NbVb = 0.1 × 100 = 10 meq.
Step 2: Compare and Calculate
Since 20 > 10, the Acid wins. The solution is Acidic.
Excess Acid = 20 - 10 = 10 meq.
Total Volume = Va + Vb = 100 + 100 = 200 mL.
[H+] = Excess meq / Total Volume = 10 / 200 = 1/20 M.
Step 3: Calculate pH
pH = -log(1/20) = log(20) = log(2 × 10) = log(2) + log(10)
pH = 0.301 + 1 = 1.301.
Practice Questions for JEE & NEET
Let's test your ability to avoid the two most common traps examiners set in these types of numericals!

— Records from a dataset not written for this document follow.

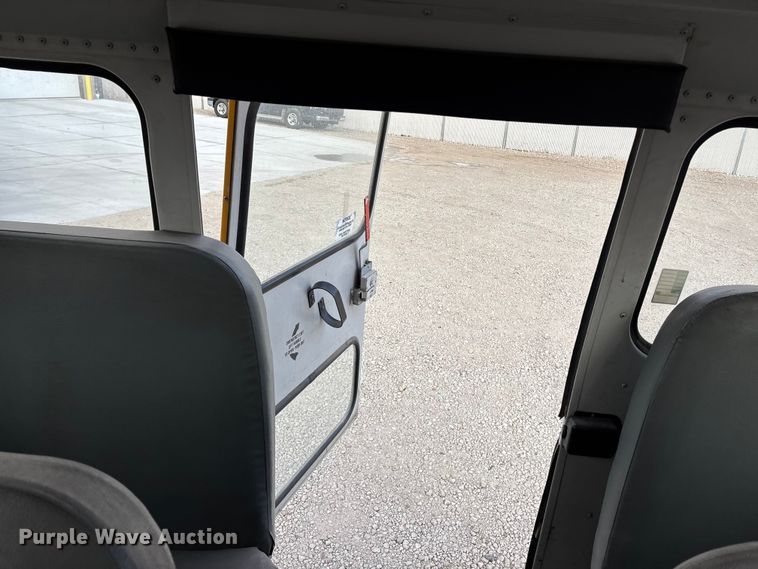 image for item OE9370 2005 Thomas Built school bus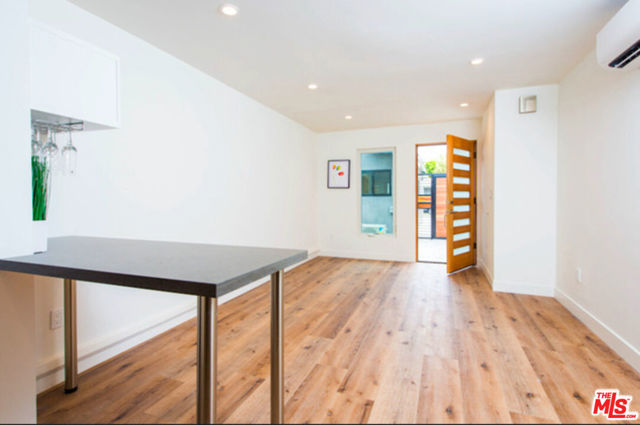 2341 Beach Avenue, Venice CA: https://media.crmls.org/mediaz/5e8ad29f-a5a9-4931-a167-1bb9b22e59c5.jpg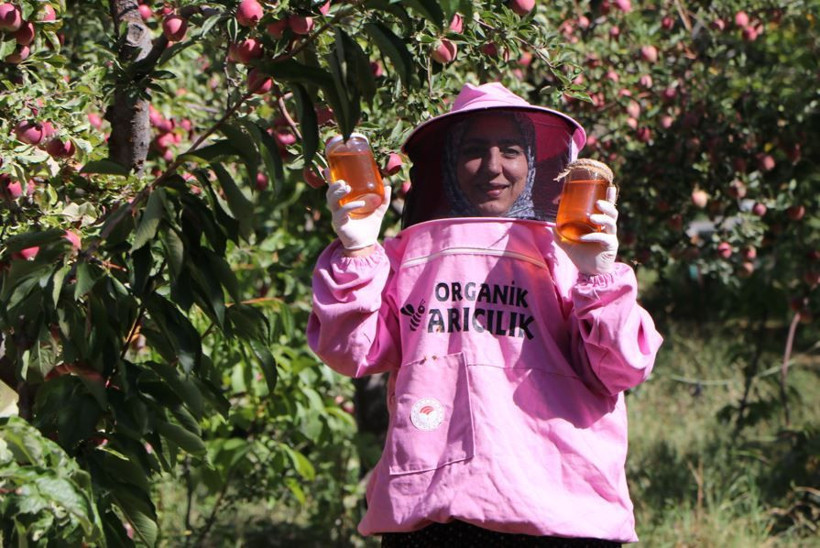 Bakteri ve virüslere karşı kalkan: ‘Pembe maskeli’ kadınlar kolları sıvadı - Resim: 11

Question 1 (The n-factor Trap): 50 mL of 0.1 M H2SO4 is mixed with 50 mL of 0.1 M NaOH. What is the final pH of the mixture? (Given log 5 = 0.7).
Answer: pH = 1.3
Reasoning:
This is a major trap! H2SO4 is a dibasic acid, meaning its n-factor is 2. If you forget to multiply Molarity by the n-factor, your whole answer will be wrong.
1. Normality of Acid = 0.1 M × 2 = 0.2 N.
NaVa = 0.2 × 50 = 10 meq.
2. Normality of Base (NaOH) = 0.1 M × 1 = 0.1 N.
NbVb = 0.1 × 50 = 5 meq.
3. Acid > Base. Excess Acid = 10 - 5 = 5 meq.
4. Total Volume = 50 + 50 = 100 mL.
5. [H+] = 5 / 100 = 0.05 M = 5 × 10-2 M.
6. pH = -log(5 × 10-2) = 2 - log(5) = 2 - 0.7 = 1.3.
Question 2 (The Volume Trap): In the formula to find the final concentration, why is it absolutely mandatory to divide the excess milli-equivalents by the sum of the volumes (Va + Vb)? Why can't we just divide by the acid's volume?
Answer: Because Concentration is defined as Moles per TOTAL Volume of the solution.
Reasoning:
When you physically pour 100 mL of Acid and 100 mL of Base into the same beaker, the liquids combine. The new, final solution has a total volume of 200 mL.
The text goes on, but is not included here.